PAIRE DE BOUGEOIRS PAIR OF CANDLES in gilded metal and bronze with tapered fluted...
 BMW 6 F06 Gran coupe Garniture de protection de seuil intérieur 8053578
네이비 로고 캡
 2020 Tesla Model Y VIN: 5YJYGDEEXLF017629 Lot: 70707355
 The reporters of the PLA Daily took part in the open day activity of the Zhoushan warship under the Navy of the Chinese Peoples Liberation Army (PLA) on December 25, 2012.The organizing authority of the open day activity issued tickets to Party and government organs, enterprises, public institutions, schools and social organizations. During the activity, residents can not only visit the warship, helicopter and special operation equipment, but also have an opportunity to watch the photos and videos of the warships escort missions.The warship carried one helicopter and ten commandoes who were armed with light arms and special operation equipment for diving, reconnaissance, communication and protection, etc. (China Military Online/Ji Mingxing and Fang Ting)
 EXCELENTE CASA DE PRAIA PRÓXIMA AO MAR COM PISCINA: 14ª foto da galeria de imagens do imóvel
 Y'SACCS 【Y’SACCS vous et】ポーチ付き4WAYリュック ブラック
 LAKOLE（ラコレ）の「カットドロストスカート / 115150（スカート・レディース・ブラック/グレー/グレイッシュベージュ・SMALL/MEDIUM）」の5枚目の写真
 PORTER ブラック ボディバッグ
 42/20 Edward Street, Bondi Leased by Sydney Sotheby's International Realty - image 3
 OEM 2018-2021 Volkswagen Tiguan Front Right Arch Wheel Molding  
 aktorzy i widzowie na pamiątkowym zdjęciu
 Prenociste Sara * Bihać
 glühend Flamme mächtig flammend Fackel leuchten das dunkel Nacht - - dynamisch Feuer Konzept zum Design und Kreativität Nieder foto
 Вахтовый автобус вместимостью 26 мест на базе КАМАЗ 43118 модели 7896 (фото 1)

• Problem requirements: With nothing omitted, set down all of the records again.

• Reply:
PAIRE DE BOUGEOIRS PAIR OF CANDLES in gilded metal and bronze with tapered fluted...
 BMW 6 F06 Gran coupe Garniture de protection de seuil intérieur 8053578
네이비 로고 캡
 2020 Tesla Model Y VIN: 5YJYGDEEXLF017629 Lot: 70707355
 The reporters of the PLA Daily took part in the open day activity of the Zhoushan warship under the Navy of the Chinese Peoples Liberation Army (PLA) on December 25, 2012.The organizing authority of the open day activity issued tickets to Party and government organs, enterprises, public institutions, schools and social organizations. During the activity, residents can not only visit the warship, helicopter and special operation equipment, but also have an opportunity to watch the photos and videos of the warships escort missions.The warship carried one helicopter and ten commandoes who were armed with light arms and special operation equipment for diving, reconnaissance, communication and protection, etc. (China Military Online/Ji Mingxing and Fang Ting)
 EXCELENTE CASA DE PRAIA PRÓXIMA AO MAR COM PISCINA: 14ª foto da galeria de imagens do imóvel
 Y'SACCS 【Y’SACCS vous et】ポーチ付き4WAYリュック ブラック
 LAKOLE（ラコレ）の「カットドロストスカート / 115150（スカート・レディース・ブラック/グレー/グレイッシュベージュ・SMALL/MEDIUM）」の5枚目の写真
 PORTER ブラック ボディバッグ
 42/20 Edward Street, Bondi Leased by Sydney Sotheby's International Realty - image 3
 OEM 2018-2021 Volkswagen Tiguan Front Right Arch Wheel Molding  
 aktorzy i widzowie na pamiątkowym zdjęciu
 Prenociste Sara * Bihać
 glühend Flamme mächtig flammend Fackel leuchten das dunkel Nacht - - dynamisch Feuer Konzept zum Design und Kreativität Nieder foto
 Вахтовый автобус вместимостью 26 мест на базе КАМАЗ 43118 модели 7896 (фото 1)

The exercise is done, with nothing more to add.